If the community of God's people is the medium for communicating the message of God's good news, then many of the behavioral prescriptions of the New Testament are actually just as important in terms of their communicative properties as they are in terms of their ethical properties.  What we do is important because God wants us to act a certain way, but it is just as important because of what it says about God's Kingdom...

In other words, we are commanded to behave in certain ways because God wants us to behave in those ways, but also because God wants our lifestyle to communicate certain things about the gospel.  This is true in all NT commands but we will here discuss one in particular, and for two reasons.  Firstly, the New Testament authors (Paul in particular) make it clear just how important this commandment is and are explicit about its communicative properties, and secondly, it is a particular shortcoming of the contemporary church.

I am speaking of the calling of the church to be the united, newly created, people of God, called out from among every ethnic group, every social class, every cultural group, and every language, into allegiance to Jesus.


John 17:20-26

John quotes Jesus' prayer for his followers, including those in the future (you and I).  Jesus' prayer makes it clear that the unity of the church will communicate the veracity of the gospel to the world.  In other words, when the world comes upon a community of people who have nothing in common (a community that crosses political, racial, language, class, educational, sexual boundaries) they will be forced to wonder just what it is that binds us together.  Contrariwise, when the church ghettoizes itself along denominational, racial, political and socio-economic lines, we damage the proclamation of the gospel message.

Romans 10:9-13

"I am saved by faith, therefore____________"

The typical evangelical fill-in-the-blank answer to this is "I am not saved by effort," but this is not the scriptural answer!  In every single place in the NT where justification by faith is brought up, it is tied directly to the unity of the Church across social divides.  We have been blinded to the words of scripture, and have failed at our exegetical task, by the history of Protestant anti-Pelagianism.  The Scriptural argument is "I am saved by faith, therefore there is no longer a division between Jew and Gentile, slave or free..."

Galatians 2:11-21

Paul gets in Peter's face over this!  This is not a peripheral issue.  Paul essentially tells Peter he is denying the gospel when he refuses to eat with people of another race!  This is a gospel issue for Paul, and should be for us too.  Why are our communities of faith divided?  Why do white Christians and Black Christians, English speaking believers and Spanish speaking ones, rich brothers and poor brothers, eat at separate tables?  And even more importantly, why aren't we getting in anyone's face about this issue?


In short, you are not a committed disciple of Christ unless you are committed to work through your biases, and actively engaging in deep, formative, and submissive relationships with people who do not share your racial, economic, educational, political, or even theological, heritage.


LindaFaye said...

Amen and preach it brother.

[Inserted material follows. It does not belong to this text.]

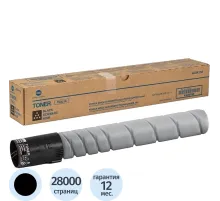 Тонер картридж Konica Minolta TN-324K чер. для bizhub  C258/308 (A8DA150)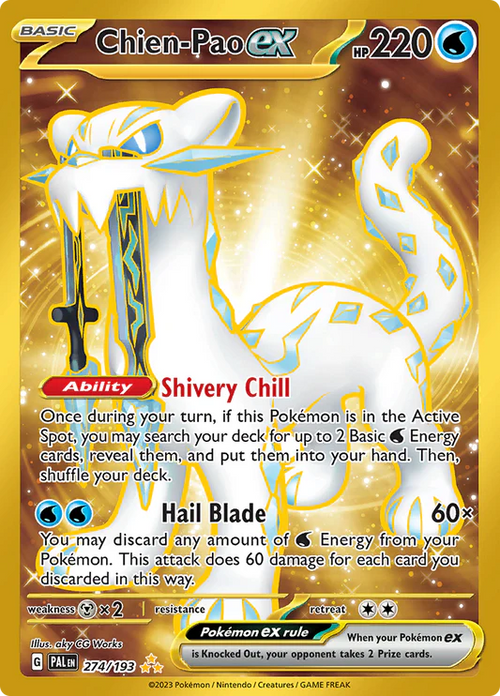 Chien-Pao ex - 274/193 - Gold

What a great point you bring up. My heart goes out to you as you face this reality in a more painful way that I do on the other side of the country. I have a passion for the cultural divides to be gone, but am not seeing so much the hurt caused by it as you are seeing first hand.

I am encouraged by our small gathering here that there are people who are so different from each other, yet are part of the same family. There is something about it (a feeling, more than a theology) that is good and right and beautiful when I look and see that we are not held together by status or race.

When my homeless earth hippy friend comes to church with saplings to share and my Cuban business woman friend comes too I realize that there is something good happening among us.

I don't know how to reproduce this on a large scale, but I can say that there is beauty in what I have experienced first hand here in my church family. I pray that you can experience more of the same too.

steven hamilton said...

i hear the echo of Dallas Willard: "The Gospel and Salvation is not opposed to effort, it is opposed to earning." In fact, one of my favorite scriptures is where Paul says this explicitly in 1 Corinthians 15: "But whatever I am now, it is all because God poured out his special favor on me -- and not without results. For I have worked harder than all the other apostles, yet it was not I but God who was working through me by his grace."

my paraphrase for what you're saying here: I want unity in diversity, and unity is God's gift to us, but I'm working harder than all the rest to cultivate that...but it's still God's gift.

...love the comments on Galatians as well...

Sean said...

that's cool that you are featured on this blog.